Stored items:
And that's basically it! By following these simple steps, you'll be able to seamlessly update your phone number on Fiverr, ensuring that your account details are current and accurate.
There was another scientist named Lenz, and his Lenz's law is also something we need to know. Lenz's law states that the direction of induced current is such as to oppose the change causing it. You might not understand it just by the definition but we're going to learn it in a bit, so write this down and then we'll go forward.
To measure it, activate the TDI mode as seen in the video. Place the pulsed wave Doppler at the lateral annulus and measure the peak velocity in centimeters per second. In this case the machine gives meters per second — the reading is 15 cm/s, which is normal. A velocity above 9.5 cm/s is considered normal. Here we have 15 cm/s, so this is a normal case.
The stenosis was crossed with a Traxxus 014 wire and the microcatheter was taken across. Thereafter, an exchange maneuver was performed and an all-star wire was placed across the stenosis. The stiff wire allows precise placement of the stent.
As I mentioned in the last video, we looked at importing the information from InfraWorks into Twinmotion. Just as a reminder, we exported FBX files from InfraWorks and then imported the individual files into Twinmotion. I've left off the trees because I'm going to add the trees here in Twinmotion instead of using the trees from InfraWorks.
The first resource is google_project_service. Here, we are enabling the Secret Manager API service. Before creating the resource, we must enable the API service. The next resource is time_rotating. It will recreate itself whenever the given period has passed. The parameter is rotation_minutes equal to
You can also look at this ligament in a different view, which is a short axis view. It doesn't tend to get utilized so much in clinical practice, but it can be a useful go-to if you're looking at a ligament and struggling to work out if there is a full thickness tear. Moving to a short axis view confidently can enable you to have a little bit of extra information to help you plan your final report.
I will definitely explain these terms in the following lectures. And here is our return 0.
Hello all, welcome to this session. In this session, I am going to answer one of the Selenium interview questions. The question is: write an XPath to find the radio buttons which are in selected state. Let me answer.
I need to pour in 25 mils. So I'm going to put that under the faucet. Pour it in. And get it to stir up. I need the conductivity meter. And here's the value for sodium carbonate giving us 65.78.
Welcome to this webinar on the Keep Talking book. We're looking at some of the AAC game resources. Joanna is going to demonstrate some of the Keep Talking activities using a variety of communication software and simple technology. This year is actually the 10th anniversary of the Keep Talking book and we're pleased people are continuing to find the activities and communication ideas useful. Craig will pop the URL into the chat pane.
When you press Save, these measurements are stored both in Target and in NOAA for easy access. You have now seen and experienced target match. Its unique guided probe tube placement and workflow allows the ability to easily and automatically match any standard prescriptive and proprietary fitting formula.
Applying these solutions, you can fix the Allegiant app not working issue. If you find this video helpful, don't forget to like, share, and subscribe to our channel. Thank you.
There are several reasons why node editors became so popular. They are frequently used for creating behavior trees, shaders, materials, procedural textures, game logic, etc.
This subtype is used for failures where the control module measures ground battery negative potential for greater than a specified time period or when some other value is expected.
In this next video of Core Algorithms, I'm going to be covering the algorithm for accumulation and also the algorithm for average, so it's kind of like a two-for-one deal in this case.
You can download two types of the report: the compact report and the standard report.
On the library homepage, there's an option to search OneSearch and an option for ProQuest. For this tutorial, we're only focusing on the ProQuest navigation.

● **Task instructions**: Within the data above, the lines from the one with "Hello all, welcome" to the one with "Welcome to this webinar" must be repeated exactly; no other line belongs in the answer.

● **Answer to this task**:
Hello all, welcome to this session. In this session, I am going to answer one of the Selenium interview questions. The question is: write an XPath to find the radio buttons which are in selected state. Let me answer.
I need to pour in 25 mils. So I'm going to put that under the faucet. Pour it in. And get it to stir up. I need the conductivity meter. And here's the value for sodium carbonate giving us 65.78.
Welcome to this webinar on the Keep Talking book. We're looking at some of the AAC game resources. Joanna is going to demonstrate some of the Keep Talking activities using a variety of communication software and simple technology. This year is actually the 10th anniversary of the Keep Talking book and we're pleased people are continuing to find the activities and communication ideas useful. Craig will pop the URL into the chat pane.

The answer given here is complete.